Records to use below:

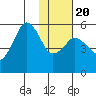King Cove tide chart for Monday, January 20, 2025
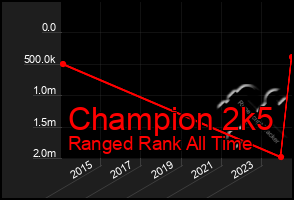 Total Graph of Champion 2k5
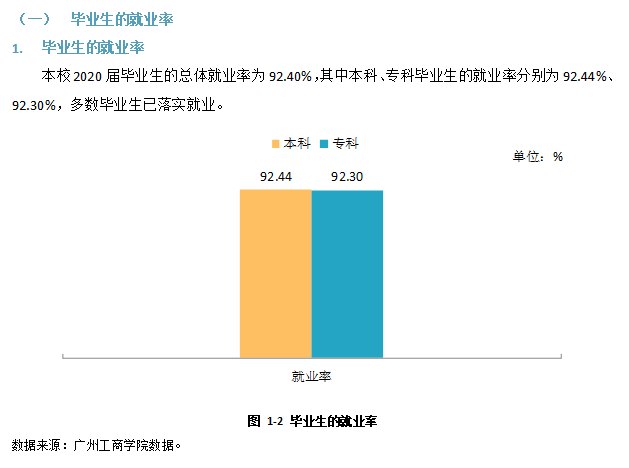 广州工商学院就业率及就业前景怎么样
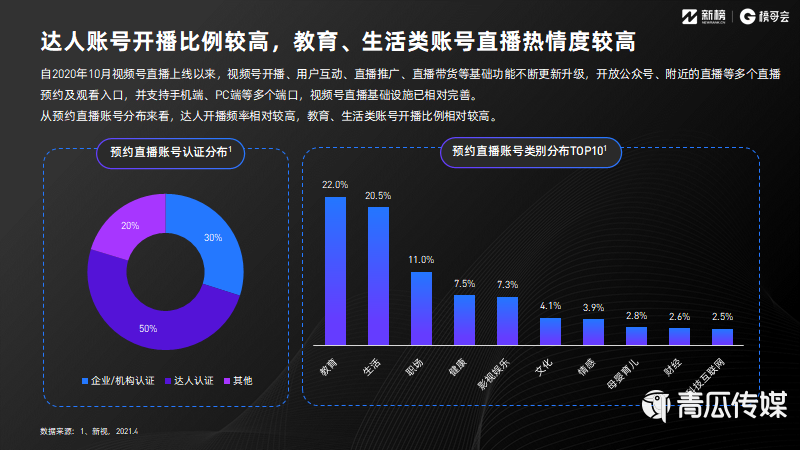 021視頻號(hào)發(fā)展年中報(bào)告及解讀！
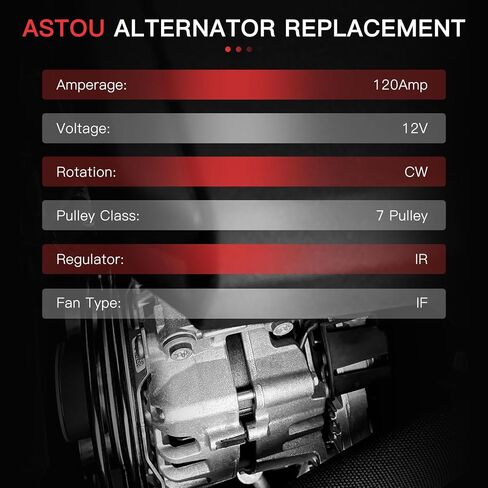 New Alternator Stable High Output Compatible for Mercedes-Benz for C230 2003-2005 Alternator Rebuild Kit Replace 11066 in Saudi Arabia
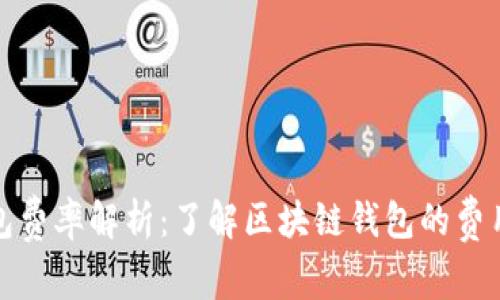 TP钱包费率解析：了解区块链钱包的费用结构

End of Records to use.
Records to use below:

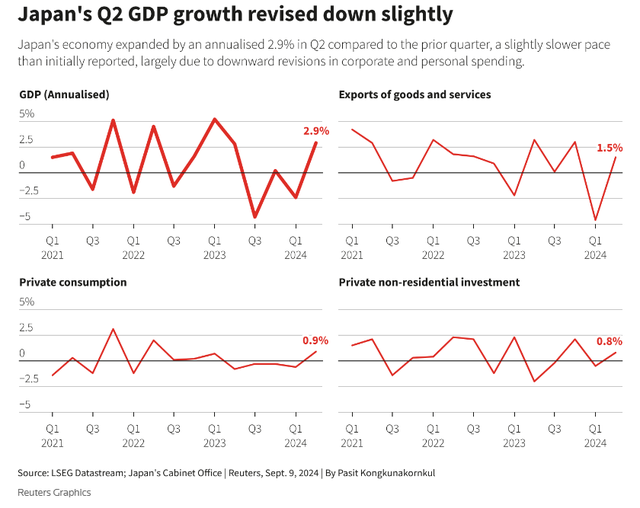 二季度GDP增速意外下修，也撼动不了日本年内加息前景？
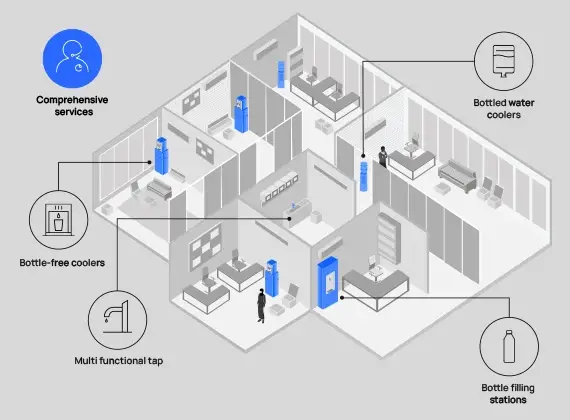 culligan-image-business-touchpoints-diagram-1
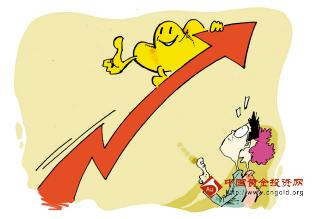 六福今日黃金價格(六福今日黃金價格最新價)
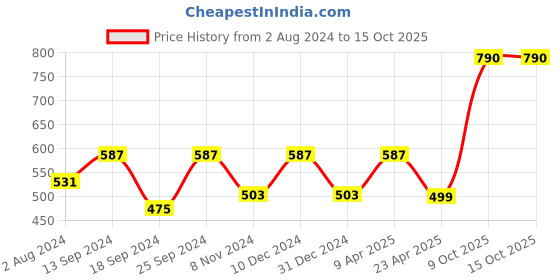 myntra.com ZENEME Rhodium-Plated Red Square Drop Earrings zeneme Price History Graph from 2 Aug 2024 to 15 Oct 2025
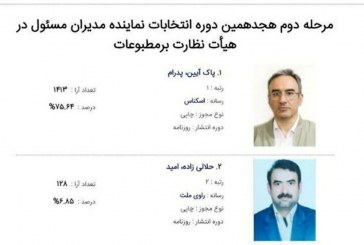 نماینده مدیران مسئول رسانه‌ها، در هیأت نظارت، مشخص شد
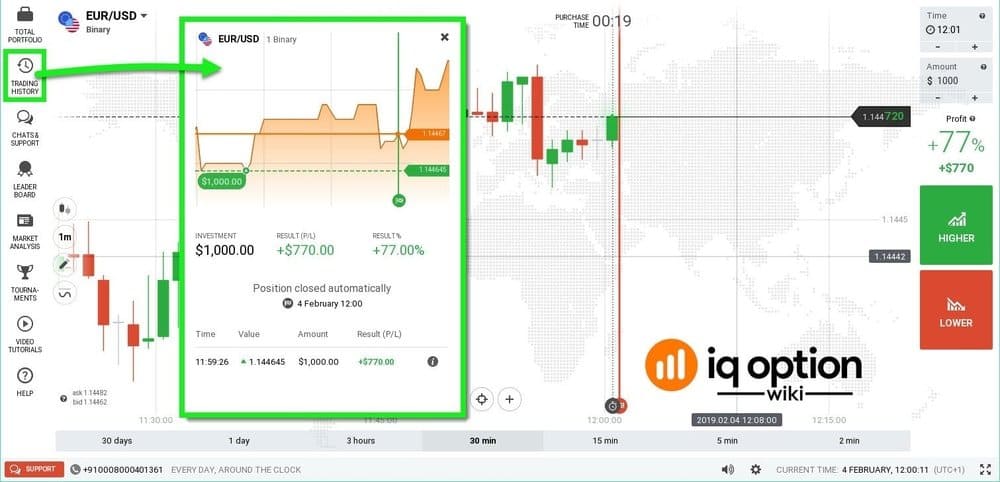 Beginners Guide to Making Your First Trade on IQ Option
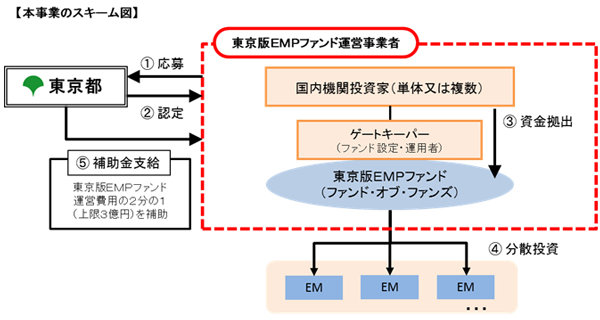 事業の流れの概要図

End of Records to use.
Records to use below:

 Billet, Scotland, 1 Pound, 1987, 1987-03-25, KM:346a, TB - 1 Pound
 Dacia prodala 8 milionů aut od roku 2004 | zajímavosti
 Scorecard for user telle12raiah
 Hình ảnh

End of Records to use.

* [Task prompt]
The answer is those lines of the material above that run from the one containing "二季度GDP增速意外下修，也撼动不了日本年内加息前景？" up to and including the one containing "نماینده مدیران مسئول", restated exactly and without images.

* [Written solution]
 二季度GDP增速意外下修，也撼动不了日本年内加息前景？
 culligan-image-business-touchpoints-diagram-1
 六福今日黃金價格(六福今日黃金價格最新價)
 myntra.com ZENEME Rhodium-Plated Red Square Drop Earrings zeneme Price History Graph from 2 Aug 2024 to 15 Oct 2025
 نماینده مدیران مسئول رسانه‌ها، در هیأت نظارت، مشخص شد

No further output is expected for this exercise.